It’s the day before a parliamentary election — the only kind of national election Jordan has — but Wednesday won’t see political parties dueling it out for leadership. Other than the candidates themselves and the narrow constituencies that support them, few people seem to care who gets elected. Instead, the political opposition and the regime are locked in a tense face-off over whether the polls are valid at all.
Both sides have staked a large slice of their credibility on the contest, and someone is going to lose. But there are signs that Jordan’s Islamist-led opposition may have overplayed its hand.
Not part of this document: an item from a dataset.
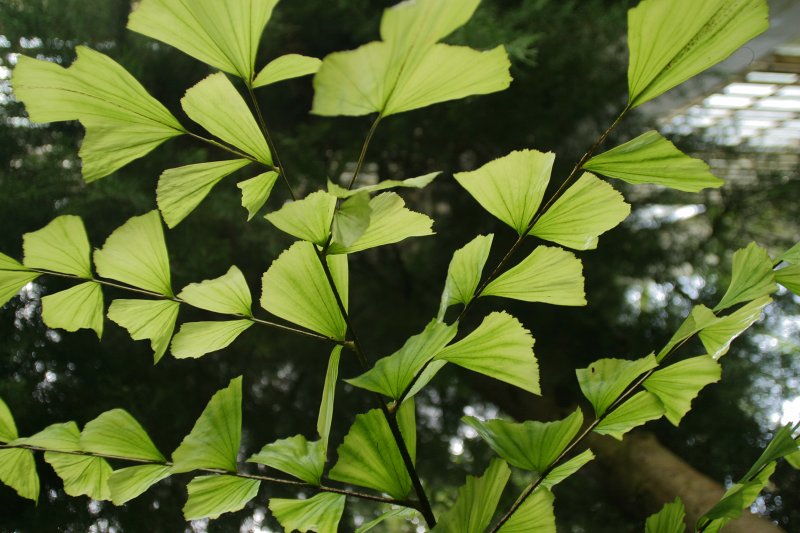 LU Botāniskais dārzs. Baksona kariota (Arecaceae. Caryota bacsonensis).
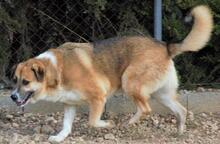 MICKY, Hund, Mischlingshund in Spanien - Bild 2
King Abdullah II has made this election the centerpiece of his program of gradual reform; a strong turnout will be taken as a vindication of that program, evidence that Jordanians value stability and security more than rapid political liberalization. The opposition has announced a boycott, saying the reforms are only cosmetic; they will use a poor showing on election day as proof that the people of this small kingdom want more democracy than the current system offers.
This fight has been simmering for months — maybe years, all the way back to January of 2011, when Ben Ali fell in Tunisia and Mubarak in Egypt, and Jordanians took to the streets en masse to demand a better political system. In Jordan, the king was smarter than those two early casualties: He saw he had to get out in front. So he dismissed his appointed prime minister, and called for a national committee to reform the system. Yet another prime minister got the sack. Protests continued into 2012, and the third royally appointed PM quit in frustration. But over the course of two years, numerous changes were made to laws governing elections, political parties and the media, and a third of the articles in the constitution were rewritten.
The state claimed the changes were democratization; the opposition called them window-dressing, and said it would boycott any election held under the new laws. The stalemate dragged on. In October 2012, opposition groups organized a mass rally at a downtown mosque, and there were rumors of impending violence. The day before the rally, the king dissolved parliament and called for early elections on January 23, under the new laws.
The opposition was dealt a blow last Friday, when what was meant to be a mass rally against the election drew only a nominal crowd. Its chosen location was Firas Circle in Amman’s Jabal Hussein neighborhood — the same place where, two months ago, angry young men shouting for the downfall of the king were facing off against riot police armed with night sticks and tear gas. But that was when the country was being rocked by the backlash against a government decision to raise gas prices in order to secure an IMF loan. An organized opposition protest is an entirely different affair — not an outburst of anger, but a means of political messaging, of bringing together the base and demonstrating strength to opponents.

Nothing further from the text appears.